[The task]: Return every line of the data below exactly, but do not include the images.

[Data extract]:
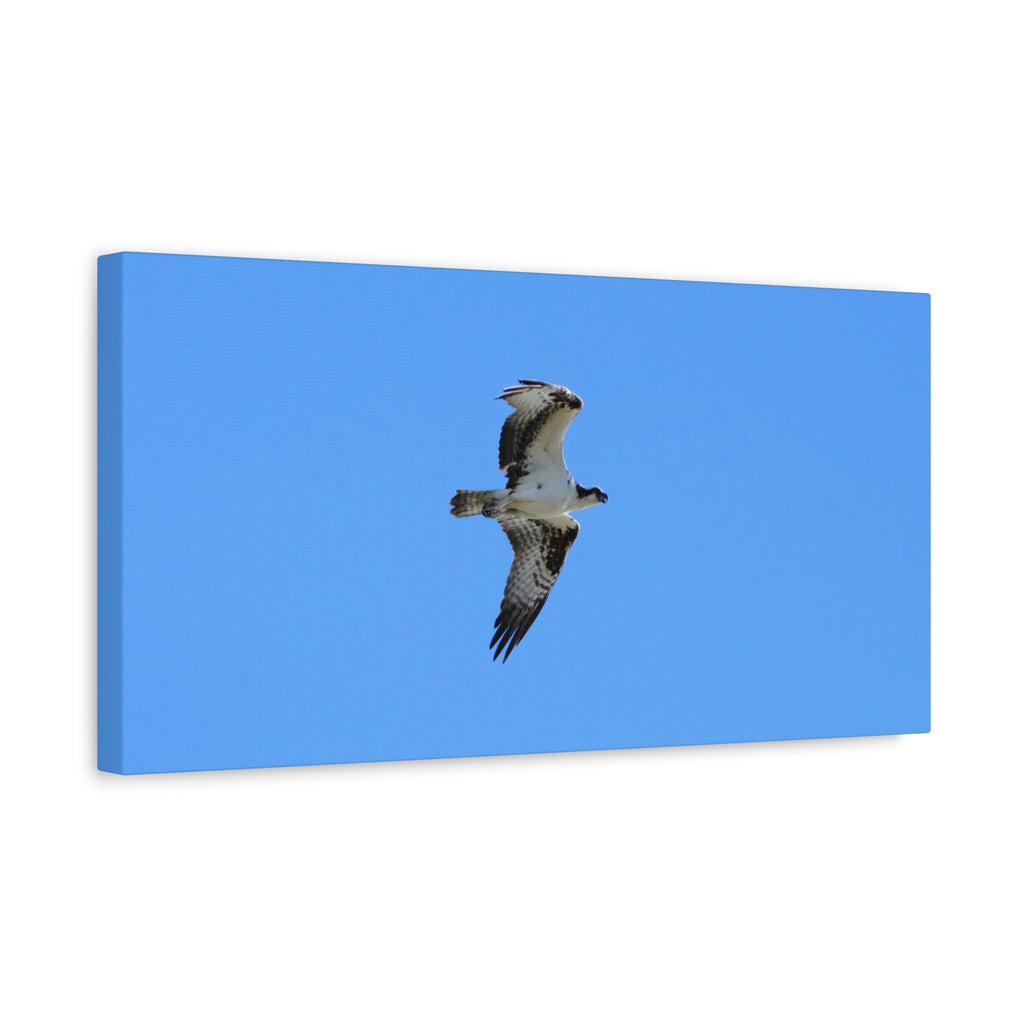 Osprey in Flight Matte Canvas Print — Stretched Wall Art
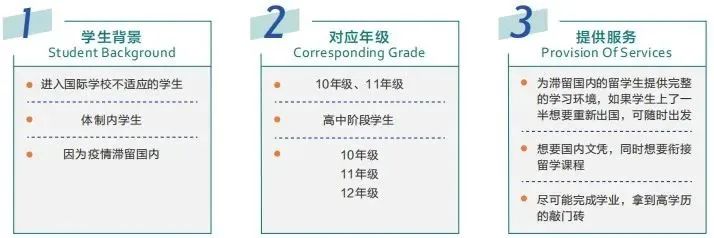 IGCSE课程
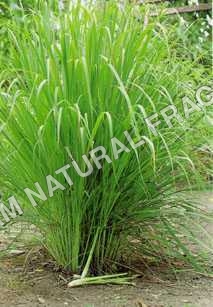 Lemon Grass Oil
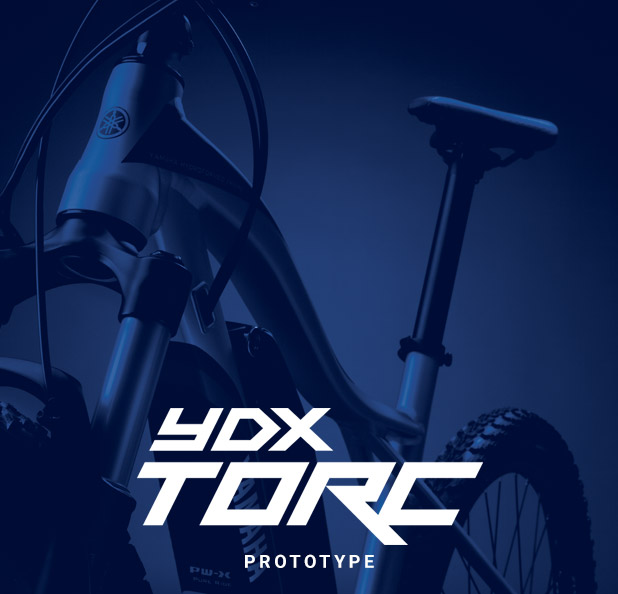 YDX-TORC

[Answer to this task]:
 Osprey in Flight Matte Canvas Print — Stretched Wall Art
 IGCSE课程
 Lemon Grass Oil
 YDX-TORC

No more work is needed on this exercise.